By then it’s also in three backups and two BI tools, and clearing it out is a full project. The cheapest time to drop the PII you don’t need was before it ever landed in the warehouse. Every day after that, removing it is a migration with a risk review attached.

Privacy by design in a pipeline is mostly four habits, applied at ingestion:

  • Minimize at the source. If a field has no named use, don’t ingest it. Default to dropping, not keeping.
  • Separate identity from behavior. Pseudonymize early and keep the key mapping in one controlled place, not spread across every table.
  • Set retention per dataset at creation, not “someday.” Raw events expire on a schedule the system enforces.
  • Tag personal data where it lives. Every column carrying PII is labeled, so any later request (access, deletion, audit) is a query, not a manual hunt.

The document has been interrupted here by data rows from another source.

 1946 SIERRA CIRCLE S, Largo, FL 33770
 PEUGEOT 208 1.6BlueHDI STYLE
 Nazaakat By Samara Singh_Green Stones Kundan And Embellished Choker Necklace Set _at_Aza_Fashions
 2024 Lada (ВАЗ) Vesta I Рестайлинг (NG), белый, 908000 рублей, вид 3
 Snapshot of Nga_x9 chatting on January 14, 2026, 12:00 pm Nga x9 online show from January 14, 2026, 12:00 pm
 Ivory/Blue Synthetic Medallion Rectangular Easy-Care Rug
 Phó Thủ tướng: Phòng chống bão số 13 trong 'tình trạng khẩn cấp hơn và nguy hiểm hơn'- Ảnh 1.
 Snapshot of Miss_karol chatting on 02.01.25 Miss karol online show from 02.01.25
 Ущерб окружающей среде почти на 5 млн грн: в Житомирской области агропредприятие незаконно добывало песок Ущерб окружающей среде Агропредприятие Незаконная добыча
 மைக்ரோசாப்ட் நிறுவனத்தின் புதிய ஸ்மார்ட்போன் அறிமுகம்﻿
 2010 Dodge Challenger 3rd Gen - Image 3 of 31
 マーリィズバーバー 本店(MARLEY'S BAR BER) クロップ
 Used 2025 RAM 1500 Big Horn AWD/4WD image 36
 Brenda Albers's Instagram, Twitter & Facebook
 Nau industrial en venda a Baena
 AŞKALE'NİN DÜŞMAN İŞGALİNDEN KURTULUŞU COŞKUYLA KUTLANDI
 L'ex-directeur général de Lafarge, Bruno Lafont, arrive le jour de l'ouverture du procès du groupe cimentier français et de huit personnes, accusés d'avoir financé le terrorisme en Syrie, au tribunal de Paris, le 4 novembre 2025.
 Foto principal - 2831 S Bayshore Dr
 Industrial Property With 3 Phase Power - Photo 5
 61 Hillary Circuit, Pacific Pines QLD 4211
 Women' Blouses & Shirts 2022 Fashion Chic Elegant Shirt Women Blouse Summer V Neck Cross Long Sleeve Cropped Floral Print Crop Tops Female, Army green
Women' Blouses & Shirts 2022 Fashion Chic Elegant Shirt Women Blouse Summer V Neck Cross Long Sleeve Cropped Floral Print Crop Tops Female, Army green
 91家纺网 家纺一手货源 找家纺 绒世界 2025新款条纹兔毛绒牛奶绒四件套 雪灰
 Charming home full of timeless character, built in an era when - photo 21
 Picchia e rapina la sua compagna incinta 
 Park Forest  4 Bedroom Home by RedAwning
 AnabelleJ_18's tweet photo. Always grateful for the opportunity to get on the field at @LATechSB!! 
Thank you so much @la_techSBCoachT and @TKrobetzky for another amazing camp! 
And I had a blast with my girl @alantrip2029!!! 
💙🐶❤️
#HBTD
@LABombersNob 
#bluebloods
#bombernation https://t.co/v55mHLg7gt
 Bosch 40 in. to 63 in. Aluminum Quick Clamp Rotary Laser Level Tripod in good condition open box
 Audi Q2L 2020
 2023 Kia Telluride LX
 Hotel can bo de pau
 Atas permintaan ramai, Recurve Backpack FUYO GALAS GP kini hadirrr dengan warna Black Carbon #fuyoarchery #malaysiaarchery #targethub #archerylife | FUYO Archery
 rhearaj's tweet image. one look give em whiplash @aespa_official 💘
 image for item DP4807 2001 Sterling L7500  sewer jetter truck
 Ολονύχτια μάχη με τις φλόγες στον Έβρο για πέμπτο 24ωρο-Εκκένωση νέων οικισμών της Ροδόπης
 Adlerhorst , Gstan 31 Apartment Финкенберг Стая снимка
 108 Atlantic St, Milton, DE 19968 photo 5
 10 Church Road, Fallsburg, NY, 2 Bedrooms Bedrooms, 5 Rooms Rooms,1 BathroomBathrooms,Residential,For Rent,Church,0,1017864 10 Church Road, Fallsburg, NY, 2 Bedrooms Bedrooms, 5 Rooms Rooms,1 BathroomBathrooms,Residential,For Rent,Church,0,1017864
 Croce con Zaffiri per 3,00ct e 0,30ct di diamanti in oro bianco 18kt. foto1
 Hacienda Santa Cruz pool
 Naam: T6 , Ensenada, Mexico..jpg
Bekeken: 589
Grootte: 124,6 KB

Done at ingestion, this is a few days of design work, and it serves GDPR and the AI Act from the same foundation. Both want the same things: know what personal data you hold, why, and for how long.

Retrofitted after the fact, the same work becomes a multi-month cleanup under deadline pressure, usually while a regulator or a customer is waiting.

A test for your current pipeline: can you list every column holding personal data with one query? If not, that’s where to start.

Can you list every column holding personal data in your warehouse with a single query?